◆ Records for processing

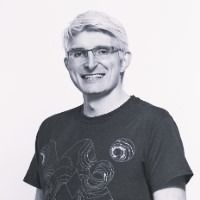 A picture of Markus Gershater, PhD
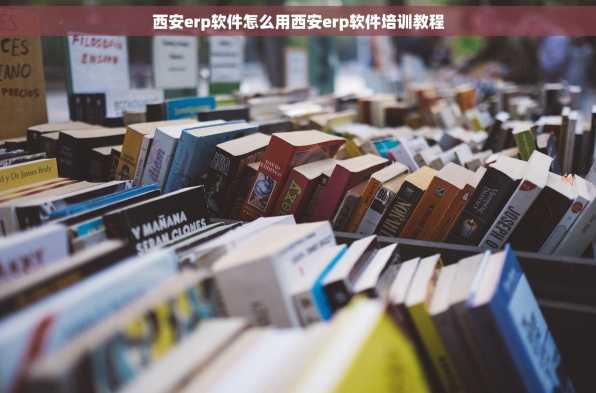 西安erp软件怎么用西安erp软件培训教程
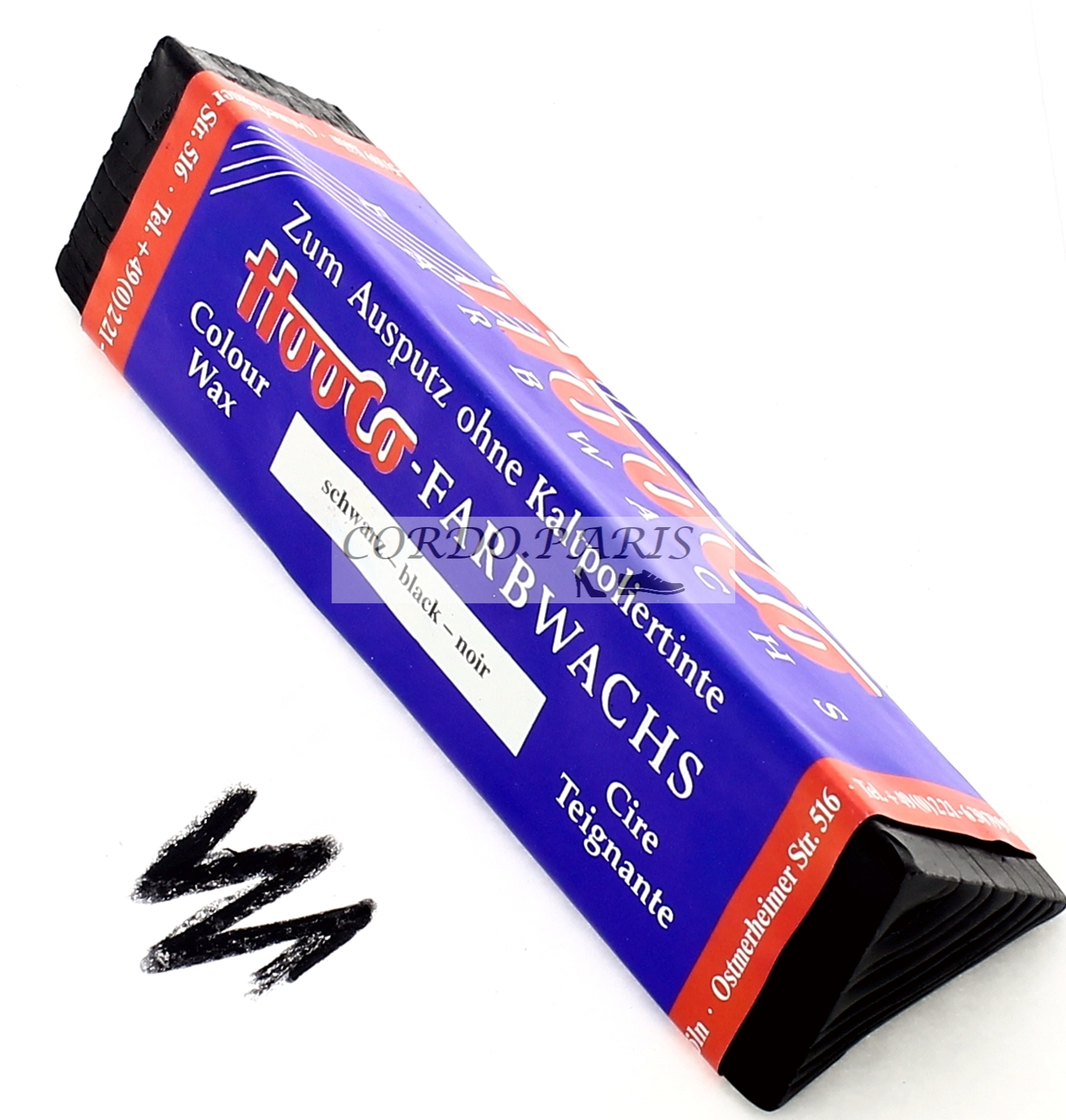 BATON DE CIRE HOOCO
* * *
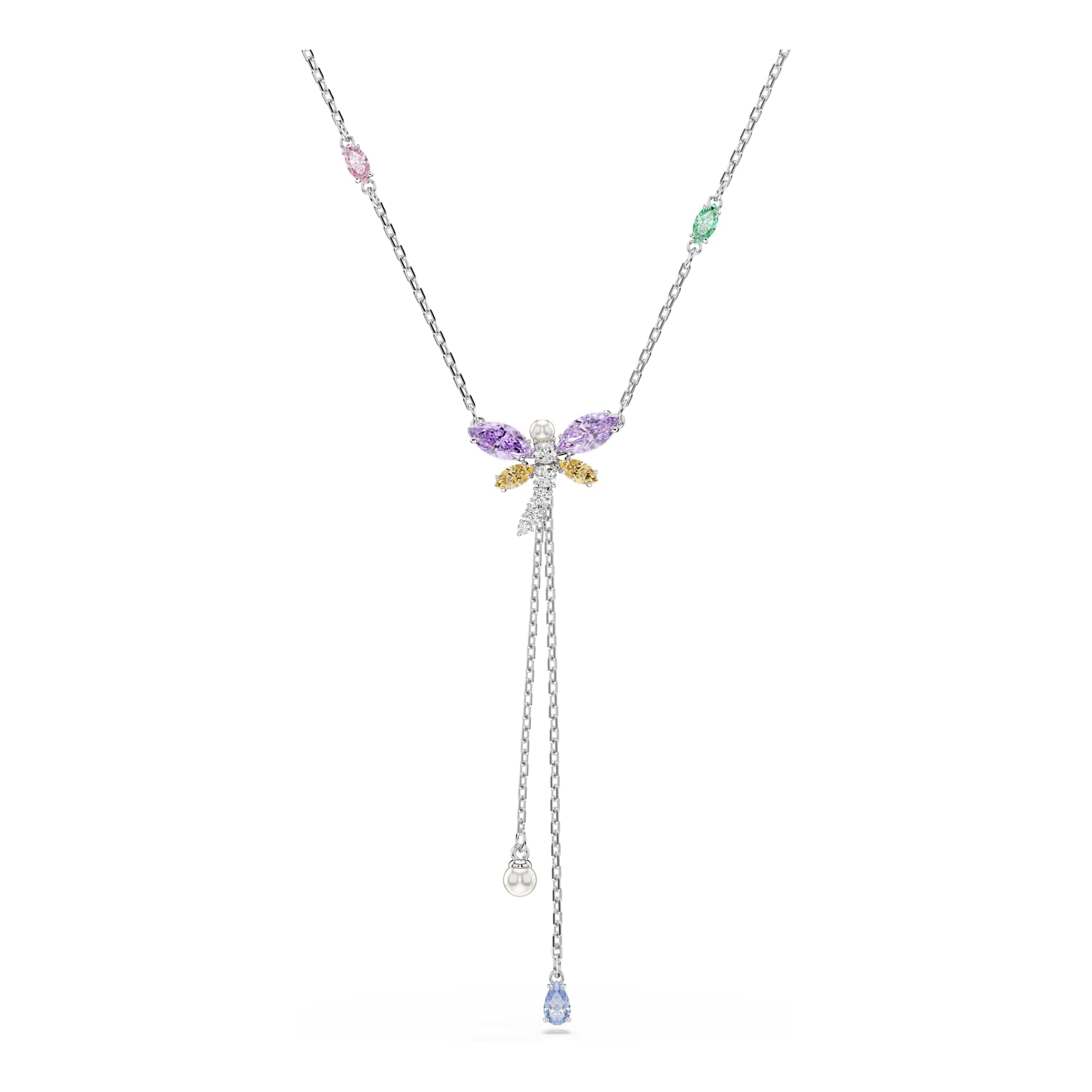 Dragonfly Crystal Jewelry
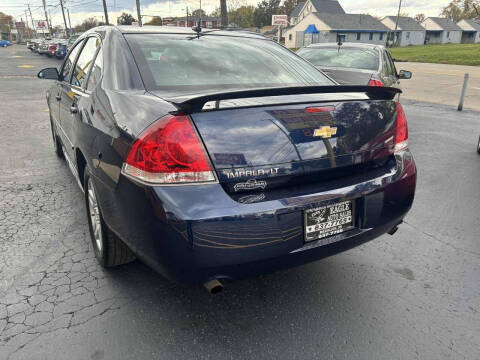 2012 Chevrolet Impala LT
...
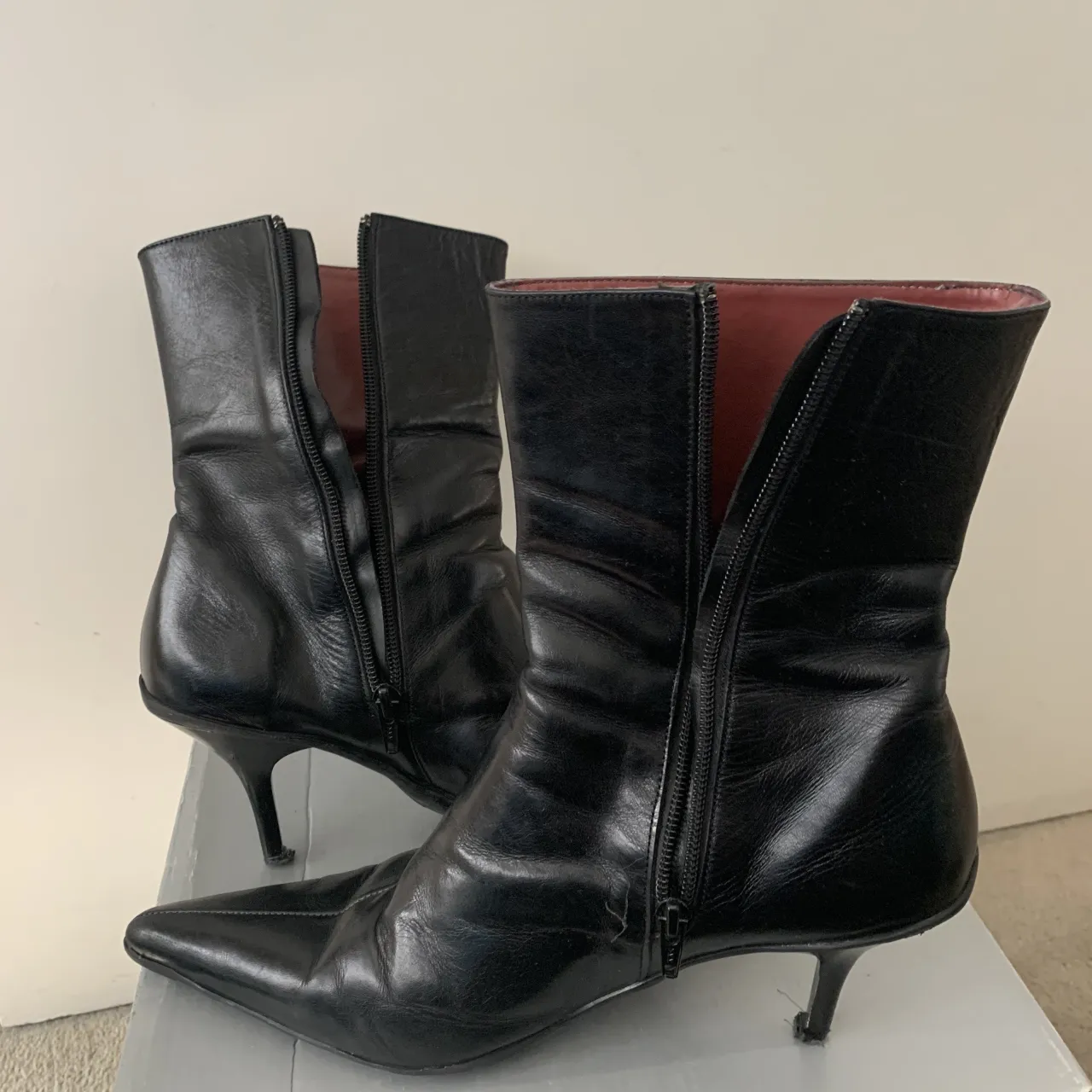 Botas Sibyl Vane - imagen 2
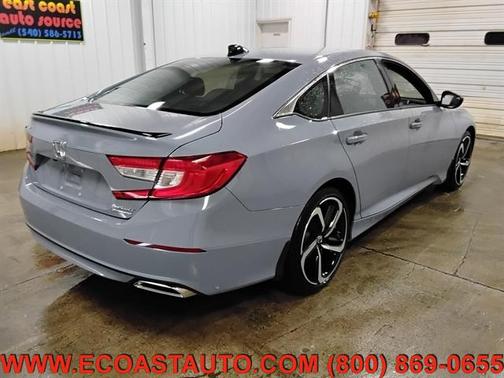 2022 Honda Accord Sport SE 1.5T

◆ Work required
Starting with the line that has "A picture of Markus Gershater, PhD" and ending with the line that has "BATON DE CIRE HOOCO", repeat the lines above exactly, omitting every picture.

◆ Result
 A picture of Markus Gershater, PhD
 西安erp软件怎么用西安erp软件培训教程
 BATON DE CIRE HOOCO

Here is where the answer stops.